LaLa.com is a startup that is currently running in beta. It takes some Netflix ideals, smashes them up with a little bit of Half.com, and they have a service that will allow the trading of CDs through their marketplace. Users sign up and list some of their CDs that they are tired of. They send them off to people who would like them, using LaLa’s prepaid envelopes. They earn credits so that they can request discs from other LaLa users.
There is a $1 transaction fee per trade and an additional $0.49 fee for the envelope. So, at the end of the transaction, you have traded an old CD that you presumably did not want any more, for another disc at a total cost of $1.50.
It sounds simple and perfectly legal, but there are some logistics and legalities that will probably come into play. First of all, if you trade a disc away to someone else, it is your responsibility to delete any additional copies of the music that you might have made legally when you were the owner. For example, if you have a ripped MP3 on your hard drive or MP3 player, you should not retain that digital file when you no longer own the physical CD. I am quite sure that this type of piracy will be rampant throughout the LaLa community as people just rip and trade.

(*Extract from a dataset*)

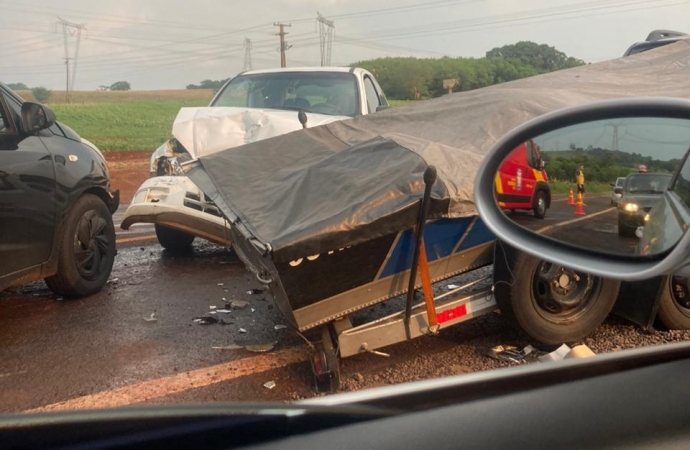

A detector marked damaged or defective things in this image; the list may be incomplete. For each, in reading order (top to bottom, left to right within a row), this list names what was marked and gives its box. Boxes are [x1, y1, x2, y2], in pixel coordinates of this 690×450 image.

crumpled front bumper [121, 176, 231, 246]
damaged white pickup truck [121, 66, 390, 250]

This is a problem with no solution, though. At this point, there is really no way for anyone to identify these people. And these people already exist. They rip their CD collections and then sell the lot of them on Ebay or through Craigslist.
While LaLa doesn’t have a solution to this problem other than to request that users do the right thing, they are going to an unprecedented step to ensure that artists reap some of the spoils. We all know that the people who lose out when people deal music on the secondary market (ie Bay, used CD stores, etc) are the artists and their labels. They only make money on the sale of a brand new disc. Labels and artists are obviously not cut into the profits of eBay or your local used record store. What LaLa vows to do is to set aside 20% of their profits to give to the artists whose music was traded through their marketplace. While this doesn’t solve the legality issues, it at least helps compensate the artists.
LaLa has raised around $9 million in startup capital, but it remains to be seen how successful they can be and for how long. Some risks to their plan include the shift from physical media like CD’s to the non-transferable sort of media like digital downloads. What will they do when there are fewer CDs around in the marketplace? They can’t easily enter into movies because Peerflix is already doing this kind of a business in movies. Speaking of Peerflix, how hard would it be for them to move into music? Probably not all that difficult.
LaLa has its work cut out for it in this business, but maybe with their artist-first attitude they can attract the sorts of users who will be loyal. That might be their only chance for success.